5. A device for assessing host risk, characterized in that, include: The acquisition module is used to acquire historical data within the host cycle, the historical data including: static data and dynamic indicator data; The prediction module is used to input the static data and the dynamic indicator data into the trained risk prediction model, and to predict the risk assessment value of the host through the risk prediction model, wherein the risk prediction model is used to perform risk assessment on the host based on the static data and the dynamic indicator data. The determination module is used to obtain the prediction results output by the risk prediction model and obtain the risk assessment value of the host. In the prediction module, the risk prediction model predicts the risk assessment value of the host, including: The dynamic index data is classified according to a preset classification algorithm to obtain the first discrete result of the dynamic index data; The static data is normalized and classified to obtain the second discrete result of the static data; Align the data and data time of the first discrete result and the second discrete result; The risk classification of the host is obtained by calculating the aligned first discrete result and the second discrete result according to the preset regression algorithm.

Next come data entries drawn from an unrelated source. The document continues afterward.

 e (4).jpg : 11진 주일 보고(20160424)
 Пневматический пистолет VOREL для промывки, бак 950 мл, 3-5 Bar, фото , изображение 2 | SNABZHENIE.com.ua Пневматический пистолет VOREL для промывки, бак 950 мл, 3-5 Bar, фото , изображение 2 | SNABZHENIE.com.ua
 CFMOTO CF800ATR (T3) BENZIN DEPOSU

The risk assessment value for the risk category is calculated on a percentage basis according to the weighting coefficients.

6. The evaluation apparatus according to claim 5, characterized in that, The device includes: The first training module is used, after the prediction module, to optimize and train the risk prediction model by using the static data, the dynamic indicator data, and the risk assessment value as training data.

7. The evaluation apparatus according to claim 5, characterized in that, The device includes: a second training module, used for: The risk prediction model is constructed before the acquisition module acquires historical data within the host cycle; Collect training samples, wherein the training samples include: static data of the sample host, dynamic indicator data of the sample host, and risk value of the sample host; The risk prediction model is trained using the training samples.

8. The evaluation apparatus according to any one of claims 5 to 7, characterized in that, The device further includes a shutdown module, used to add the host to the shutdown process when the host's risk assessment value exceeds a predetermined value, so as to perform shutdown processing on the host.

9. An electronic device, characterized in that, It includes a processor, a memory, and a program or instructions stored in the memory and executable on the processor, wherein the program or instructions, when executed by the processor, implement the steps of the evaluation method as described in any one of claims 1 to 4.